EDIT: I have found out that the Windows update KB2976978, which seems to be required for the icon to show up, has failed on my computer. I didn't know how to re-install it because it wouldn't show up when using Checking for Updates, so I uninstalled it.

For some reason all my update history was deleted upon uninstall, and when checking my installed updates, KB2976978 was still installed. I tried to check for updates but that did not find anything to download.

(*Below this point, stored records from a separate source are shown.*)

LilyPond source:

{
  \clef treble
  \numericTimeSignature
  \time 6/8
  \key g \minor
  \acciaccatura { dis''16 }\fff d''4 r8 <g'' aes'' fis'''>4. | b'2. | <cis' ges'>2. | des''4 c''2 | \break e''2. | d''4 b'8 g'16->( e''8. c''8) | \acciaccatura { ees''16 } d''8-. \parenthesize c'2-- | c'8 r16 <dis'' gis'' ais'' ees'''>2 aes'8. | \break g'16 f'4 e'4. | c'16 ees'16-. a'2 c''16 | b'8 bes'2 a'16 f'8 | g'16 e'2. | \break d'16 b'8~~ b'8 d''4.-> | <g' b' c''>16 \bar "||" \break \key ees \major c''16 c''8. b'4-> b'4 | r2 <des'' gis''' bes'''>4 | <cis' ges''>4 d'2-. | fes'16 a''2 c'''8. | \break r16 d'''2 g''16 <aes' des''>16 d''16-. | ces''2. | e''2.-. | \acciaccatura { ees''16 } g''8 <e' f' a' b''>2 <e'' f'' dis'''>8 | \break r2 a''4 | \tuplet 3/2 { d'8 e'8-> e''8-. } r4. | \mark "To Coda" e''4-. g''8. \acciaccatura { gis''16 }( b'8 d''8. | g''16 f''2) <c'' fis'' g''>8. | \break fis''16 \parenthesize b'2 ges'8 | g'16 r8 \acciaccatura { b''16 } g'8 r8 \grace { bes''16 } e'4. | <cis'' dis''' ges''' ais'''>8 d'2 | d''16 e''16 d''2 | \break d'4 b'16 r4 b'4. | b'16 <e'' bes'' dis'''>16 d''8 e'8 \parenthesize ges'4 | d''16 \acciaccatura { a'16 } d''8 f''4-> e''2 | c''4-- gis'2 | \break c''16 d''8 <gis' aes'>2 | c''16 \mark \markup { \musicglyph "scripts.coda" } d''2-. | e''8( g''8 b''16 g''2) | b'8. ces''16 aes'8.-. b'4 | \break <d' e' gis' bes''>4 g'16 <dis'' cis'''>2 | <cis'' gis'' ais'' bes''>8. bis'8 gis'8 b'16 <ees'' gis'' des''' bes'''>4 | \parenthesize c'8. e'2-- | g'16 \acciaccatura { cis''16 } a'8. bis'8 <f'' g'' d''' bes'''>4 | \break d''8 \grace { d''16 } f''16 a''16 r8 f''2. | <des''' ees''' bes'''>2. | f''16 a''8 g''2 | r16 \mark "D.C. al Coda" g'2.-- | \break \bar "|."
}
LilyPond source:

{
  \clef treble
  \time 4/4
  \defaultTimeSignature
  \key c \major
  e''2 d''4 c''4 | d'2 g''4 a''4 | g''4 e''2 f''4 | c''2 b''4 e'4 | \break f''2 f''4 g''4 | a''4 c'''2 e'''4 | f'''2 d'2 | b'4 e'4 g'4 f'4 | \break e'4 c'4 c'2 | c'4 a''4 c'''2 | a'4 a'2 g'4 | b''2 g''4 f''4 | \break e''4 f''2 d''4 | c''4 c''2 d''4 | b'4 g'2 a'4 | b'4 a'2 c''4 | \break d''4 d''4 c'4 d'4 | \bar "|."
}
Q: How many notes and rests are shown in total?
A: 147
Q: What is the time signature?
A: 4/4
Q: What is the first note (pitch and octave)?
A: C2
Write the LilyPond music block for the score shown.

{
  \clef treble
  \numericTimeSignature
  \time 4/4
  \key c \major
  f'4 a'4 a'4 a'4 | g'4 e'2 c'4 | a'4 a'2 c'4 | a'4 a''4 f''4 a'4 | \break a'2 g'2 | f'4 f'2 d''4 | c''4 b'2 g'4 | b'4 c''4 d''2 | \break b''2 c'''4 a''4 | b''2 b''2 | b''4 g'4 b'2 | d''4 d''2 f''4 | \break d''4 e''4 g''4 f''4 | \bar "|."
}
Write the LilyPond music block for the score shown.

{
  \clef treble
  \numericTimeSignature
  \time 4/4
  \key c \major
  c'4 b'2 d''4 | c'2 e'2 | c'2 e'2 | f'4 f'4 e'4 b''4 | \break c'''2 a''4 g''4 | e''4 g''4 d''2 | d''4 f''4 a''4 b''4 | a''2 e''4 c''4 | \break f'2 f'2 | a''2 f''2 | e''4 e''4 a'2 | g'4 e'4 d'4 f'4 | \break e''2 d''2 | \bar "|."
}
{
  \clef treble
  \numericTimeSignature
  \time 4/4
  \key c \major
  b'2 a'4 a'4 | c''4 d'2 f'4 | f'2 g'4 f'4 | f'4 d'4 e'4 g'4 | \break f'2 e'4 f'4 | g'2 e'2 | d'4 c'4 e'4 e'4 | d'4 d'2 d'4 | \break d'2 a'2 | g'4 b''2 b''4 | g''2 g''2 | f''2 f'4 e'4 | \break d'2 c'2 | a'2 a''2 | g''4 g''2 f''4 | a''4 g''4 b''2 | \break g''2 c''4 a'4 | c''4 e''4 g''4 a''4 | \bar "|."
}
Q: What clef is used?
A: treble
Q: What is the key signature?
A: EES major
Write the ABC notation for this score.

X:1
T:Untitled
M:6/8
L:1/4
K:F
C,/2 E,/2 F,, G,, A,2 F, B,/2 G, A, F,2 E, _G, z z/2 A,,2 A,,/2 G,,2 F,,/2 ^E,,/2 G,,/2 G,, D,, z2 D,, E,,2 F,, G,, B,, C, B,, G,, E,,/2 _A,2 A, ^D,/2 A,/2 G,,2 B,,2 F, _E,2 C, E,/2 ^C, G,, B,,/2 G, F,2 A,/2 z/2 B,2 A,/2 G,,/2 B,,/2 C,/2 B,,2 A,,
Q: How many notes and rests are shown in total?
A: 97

I don't know what to do, please help!

Edit end
------------------------------------------------------

Basically what the title says.

I tried this: 

"Open notepad Type the following in:
REG QUERY "HKLM\SOFTWARE\Microsoft\Windows NT\CurrentVersion\AppCompatFlags\UpgradeExperienceIndicators" /v UpgEx | findstr UpgEx if "%errorlevel%" == "0" GOTO RunGWX reg add "HKLM\SOFTWARE\Microsoft\Windows NT\CurrentVersion\AppCompatFlags\Appraiser" /v UtcOnetimeSend /t REG_DWORD /d 1 /f schtasks /run /TN "\Microsoft\Windows\Application Experience\Microsoft Compatibility Appraiser" :CompatCheckRunning schtasks /query /TN "\Microsoft\Windows\Application Experience\Microsoft Compatibility Appraiser" schtasks /query /TN "\Microsoft\Windows\Application Experience\Microsoft Compatibility Appraiser" | findstr Ready if NOT "%errorlevel%" == "0" ping localhost >nul &goto :CompatCheckRunning :RunGWX schtasks /run /TN "\Microsoft\Windows\Setup\gwx\refreshgwxconfig"
Save as ReserveWin10.cmd, Double click, Wait, Enjoy!"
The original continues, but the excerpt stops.